SUN-353 Adrenocortical Carcinoma: A Single Institution Experience in Mexico

Background: Adrenocortical carcinoma (ACC) is an exceedingly rare and aggressive cancer, with an incidence of 1-2 cases/ million-year; there are limited ACC data in the Mexican population. Herein we present our experience with ACC at a referral center per a retrospective cohort study. All medical records of consecutive patients with a histological diagnosis of ACC evaluated at our Institution from January, 1(st) 2000 until August 31(st), 2018 were reviewed. Clinical, pathological and laboratory variables were recorded. Results: Sixteen patients with ACC were identified. Median age at diagnosis was 49 years (range, 19-71 years) and 13 were women (81%). Mode of discovery were hormonal excess syndrome (8, 50%) or local symptoms (8, 50%), with none found incidentally. Biochemical proven hormonal excess occurred in 9 (56%), 4 co-secreting corticosteroids and androgens, 2 corticosteroids only, 2 androgens only and 1 aldosterone only.

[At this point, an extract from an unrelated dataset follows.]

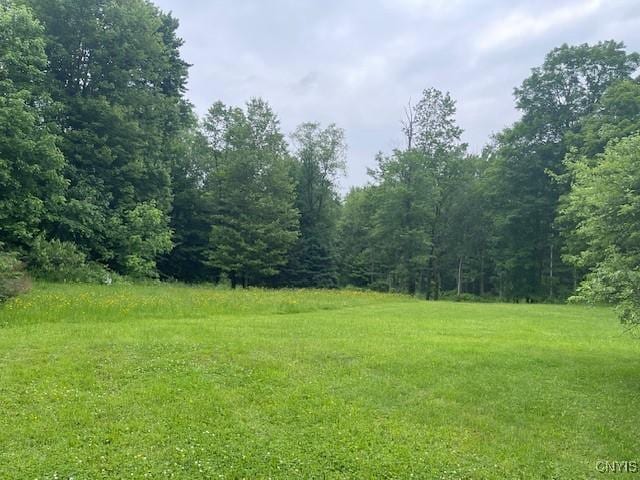 2690 County Route 26, Parish, NY 13131 - photo 41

Median tumor size at diagnosis was 12.8 cm (range, 5.9-21 cm) and all had unenhanced CT attenuation >10 Hounsfield units (median HU 33, range 20-39). Initial staging per ENSAT (European Network for the Study of Adrenal Tumors) was: stage II (50%), III (19%) and IV (31%). All patients with localized disease (stage II-III) had a curative intention resection (n=11). For those with advanced disease (stage IV; n=5), cytotoxic chemotherapy was only given to 2 patients. For individuals with initial localized disease, recurrences occurred in 4/11 (36%) and 3 of these were treated with chemotherapy; platinum plus etoposide was the usual regimen. None of the study patients received mitotane, but hormonal blocking therapy was given to 55% (5/9); 4/6 with hypercortisolism. Median follow-up was 13 months (range, 1-139) and at last contact 9 (56%) patients were alive (4 with no evidence of disease). The median overall survival (OS) was 35.5 months (CI 95%, 8.0-62.9). Conclusions: Our data are consistent with other published series; ACC occurs rarely, at ~50 years of age, mostly in women, and commonly as large-sized tumors (~13 cm). Surprisingly none of the cases from our institution were diagnosed incidentally, in contrast to previous studies (~15% incidental). Unfortunately, mitotane was not accessible to our patients given its absence in the Mexican market and patients at our institution are uninsured and cannot gain access to this drug. Nonetheless, the median OS was comparable to the estimated OS of 3-4 years for all ACC patients.